● TASK INSTRUCTIONS
Could you repeat every entry below word for word, leaving out the pictures?
***** SOURCE DATA *****
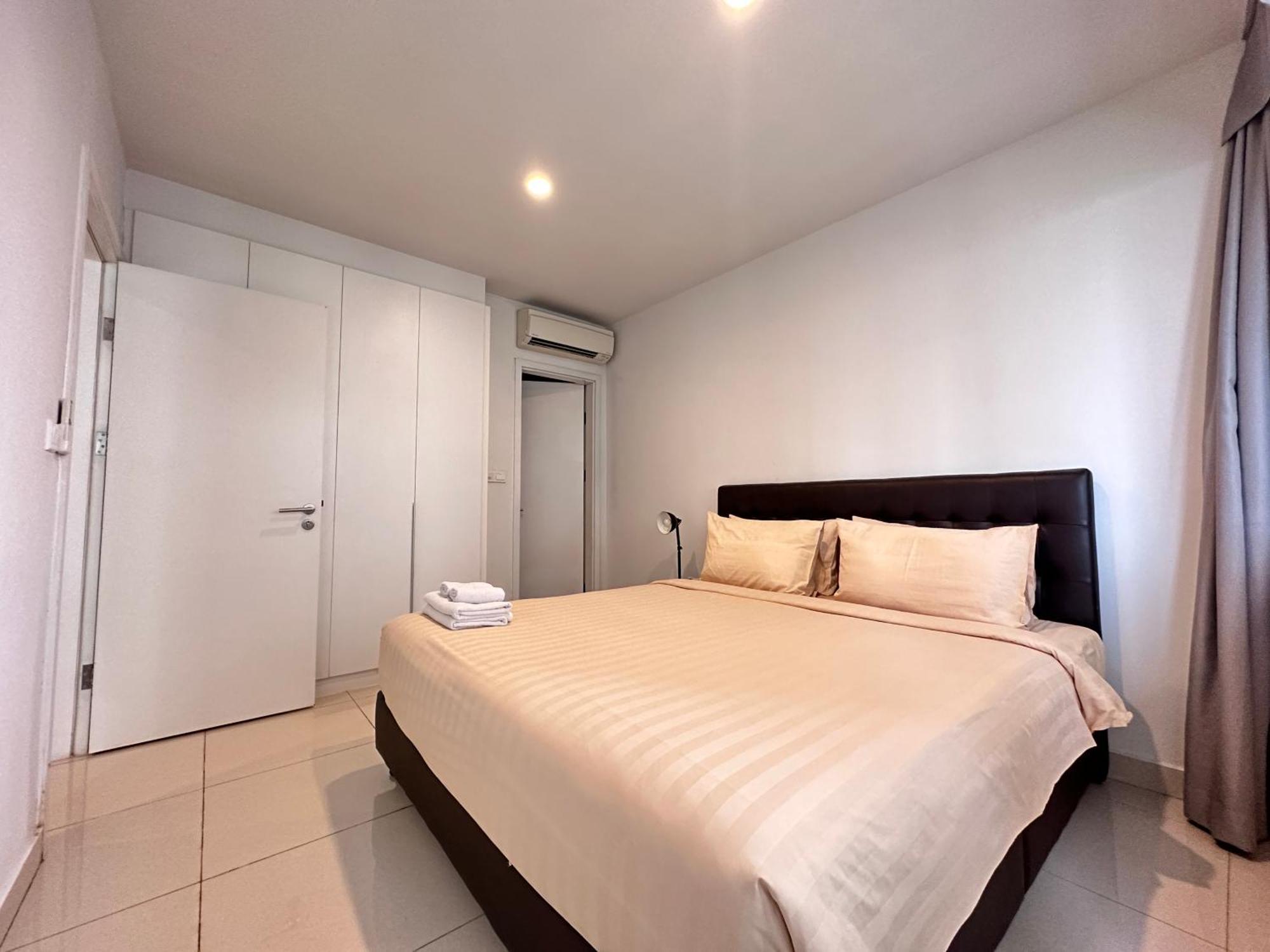 Hotel The Bridge Club Phnom Penh Exterior foto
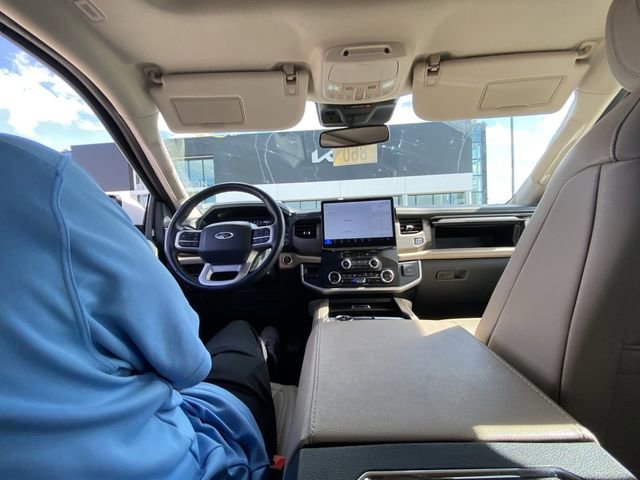 Used 2024 Ford Expedition Max Limited image 4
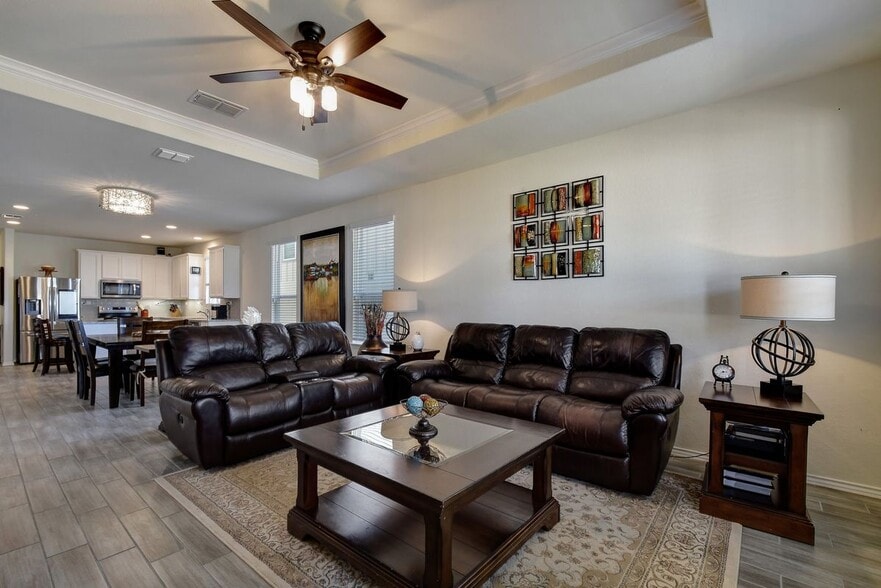 Building Photo - 317 Kotara Cyn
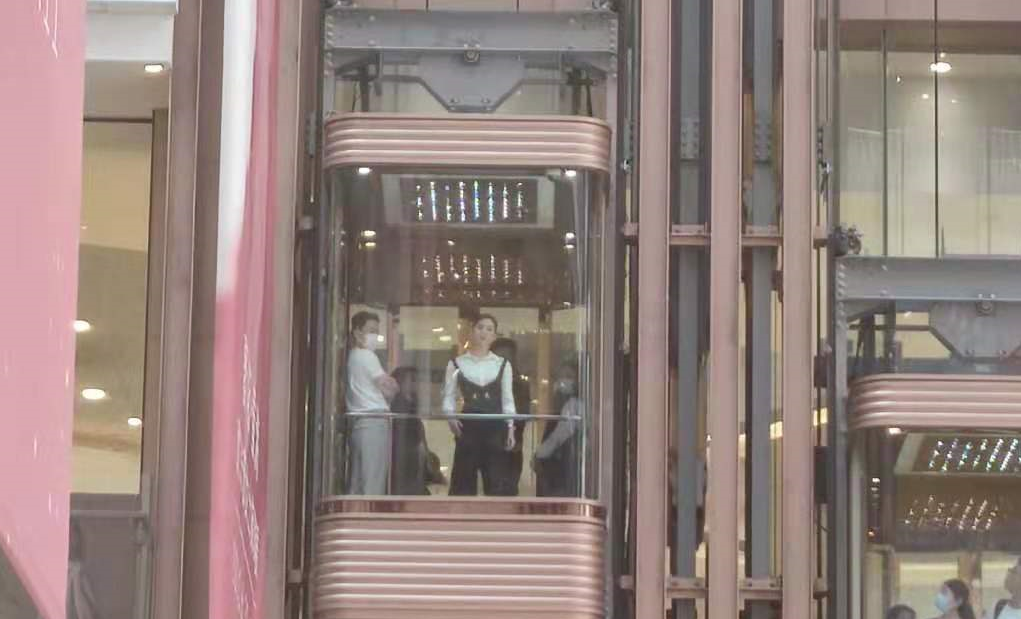 时尚风行派|刘诗诗电梯照成名场面！穿紧身吊带腰比吉娜还细，走路带风超霸气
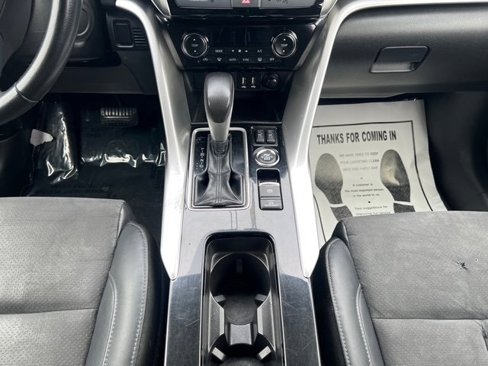 Used 2022 Mitsubishi Eclipse Cross SE image 27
*****
● RESULT FOR THIS TASK
 Hotel The Bridge Club Phnom Penh Exterior foto
 Used 2024 Ford Expedition Max Limited image 4
 Building Photo - 317 Kotara Cyn
 时尚风行派|刘诗诗电梯照成名场面！穿紧身吊带腰比吉娜还细，走路带风超霸气
 Used 2022 Mitsubishi Eclipse Cross SE image 27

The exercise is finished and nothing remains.